One of the clearest ways AI is already changing how we work as designers is in the rapid acceleration of prototyping. That’s not an abstract statement, it’s something I’ve experienced firsthand in a high-pressure B2B SaaS environment, where speed and clarity often make the difference between stakeholder buy-in and endless looping.

In particular, tools like Lovable have fundamentally shifted how I think about turning early ideas into something testable. These are generative prototyping platforms that can spin up surprisingly realistic UI flows based on screenshots, style prompts, or basic user journeys. You feed it some structure, and it gives you a clickable, styled prototype, often within minutes.

That doesn’t just save time, it changes the type of conversations you can have early in the process.

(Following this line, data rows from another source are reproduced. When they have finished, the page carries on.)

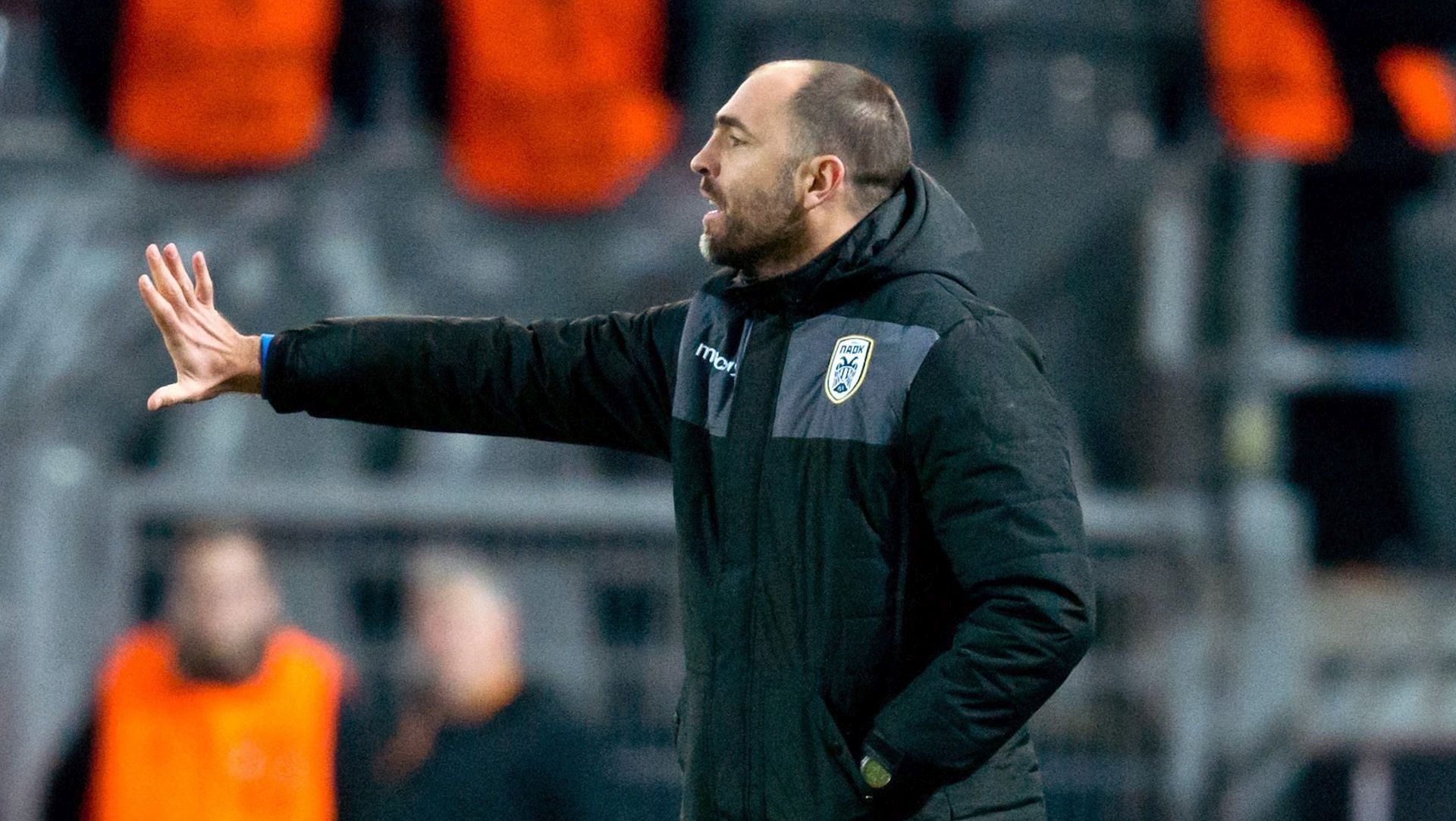 epa05064086 PAOK's head coach Igor Tudor reacts during the Europa League Group C football match between Borussia Dortmund and PAOK FC at the Signal Iduna Park in Dortmund, Germany, 10 December 2015.  EPA/BERND THISSEN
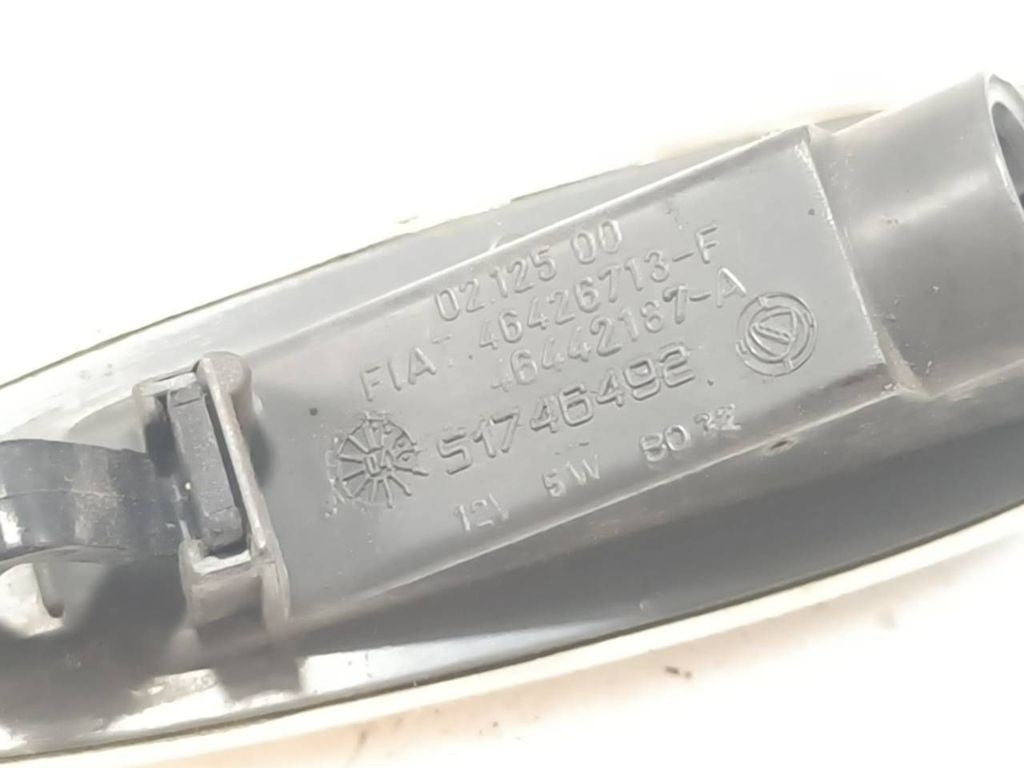 Fiat Croma 2007 front fender turn indicator light 51748492 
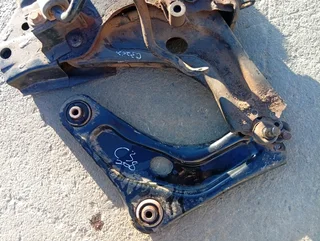 Peugeot 207 left and right control arm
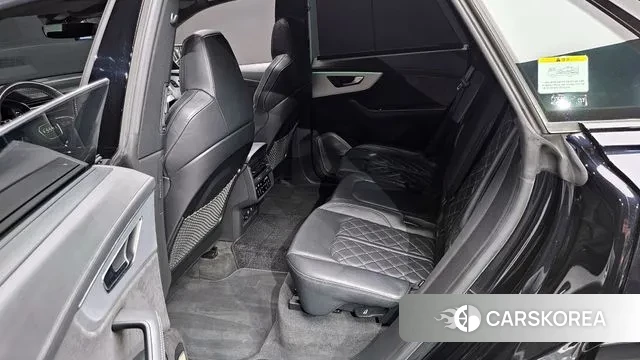Audi Q8 (4M) 2021 Черный из Кореи, фото 3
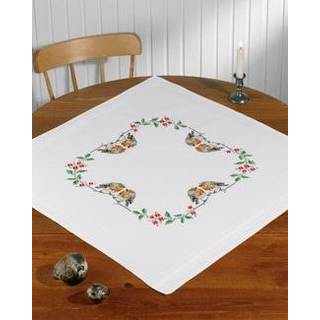 Broderikit Fugle 80 x 80 cm Smukt broderisæt med fugle Færdig dug: 80x80 cm Korssting og stikkesting teknik 13 farver DMC Mouliné garn Detaljerede fuglemotiver i pastelfarver.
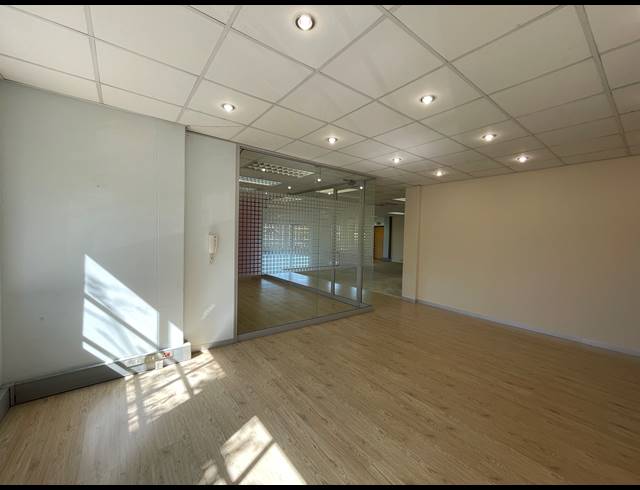 224.60M² OFFICE TO LET IN LYME PARK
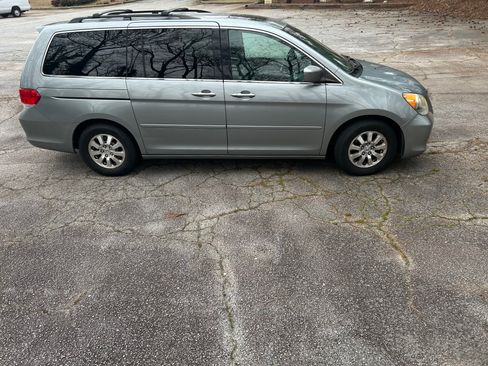 Used 2010 Honda Odyssey EX-L image 4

A Real Example: From Pitch to Prototype in a Day

A few months ago, I was helping prepare for a pitch with a potential NHS client. The sales team wanted to show how our product might evolve to support a newly emerging staffing model. In the past, I’d have mocked something up in Figma, stitched together a few screens, and wrapped it in a static PDF. It would’ve looked nice, but it wouldn’t have told the full story.

This time, I used Lovable.

Starting with a few screenshots of our existing product and a description of the proposed flow, I generated a full, interactive prototype by the end of the day. It wasn’t pixel-perfect, but it was real enough to walk them through the experience. That speed allowed us to have a much richer conversation, focused on the idea, not the artefact.

The Upsides

Here’s where these tools really shine:

  • Fast ideation: You can test multiple directions without getting too attached.

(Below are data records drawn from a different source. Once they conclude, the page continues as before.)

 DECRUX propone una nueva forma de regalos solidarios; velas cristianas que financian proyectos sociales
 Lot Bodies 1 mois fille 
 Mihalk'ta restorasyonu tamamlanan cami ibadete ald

  • Sales enablement: Prototypes help make ideas tangible for non-technical stakeholders.

  • Cross-functional empowerment: Product managers, strategy leads, even ops teams. can prototype ideas themselves, as long as guardrails and systems are in place.

  • Greenfield exploration: Without requiring roadmap investment or engineering resourcing, you can model POCs and test-market directions quickly.

The low barrier to entry means more people in the business can contribute to early thinking, without clogging up design or engineering capacity. That’s a huge unlock when you’re moving fast.

But Don’t Be Fooled by the Polish

The problem is: it looks too good.

I’ve seen clients and internal teams mistake these prototypes for near-production. Because the UI is polished and interactive, it creates a false sense of completeness. Suddenly, you're having to manage expectations you didn’t set, or worse, defend timelines that were never realistic.

Even internally, these tools can lead to people skipping critical steps, feasibility reviews, tech estimates, or user validation. And while tools like Lovable offer code export and Git integration, let’s be honest: that code is rarely usable. It’s often bloated, poorly structured, or dependent on Tailwind-based visuals that lack brand fidelity and accessibility.

I’ve worked with multiple engineering teams who’ve tried to bridge the gap from Lovable to production. So far, none have found a clean way to do it without major rework or reverse engineering. In some cases, it’s faster to start from scratch.

My Mantra to use It Effectively

I still use Lovable regularly. But I use it with clear boundaries. Here’s how I keep it productive:

  1. Set expectations early. Every time I share a Lovable prototype, I clarify: “This is for direction only. It’s not production-ready.”

  2. Use it to start conversations, not end them. These prototypes are meant to provoke discussion — not make final decisions.

  3. Pair with engineering input. If it’s something we might ship, I involve an engineer early — even if it’s just to say, “Is this even feasible?”

  4. Expect iteration. It usually takes 2–3 refinement cycles to get something that fits your product’s tone and style.

Final Takeaway

Generative prototyping has become one of the most powerful tools in my kit. It’s changed how quickly I can test, sell, and validate ideas. But it’s not a replacement for process, and it’s definitely not a shortcut to delivery.

Used thoughtfully, it can unlock creativity and collaboration across your org. Used blindly, it creates risk, rework, and confusion.

AI can help you move fast. But moving fast in the wrong direction is still just… going the wrong way.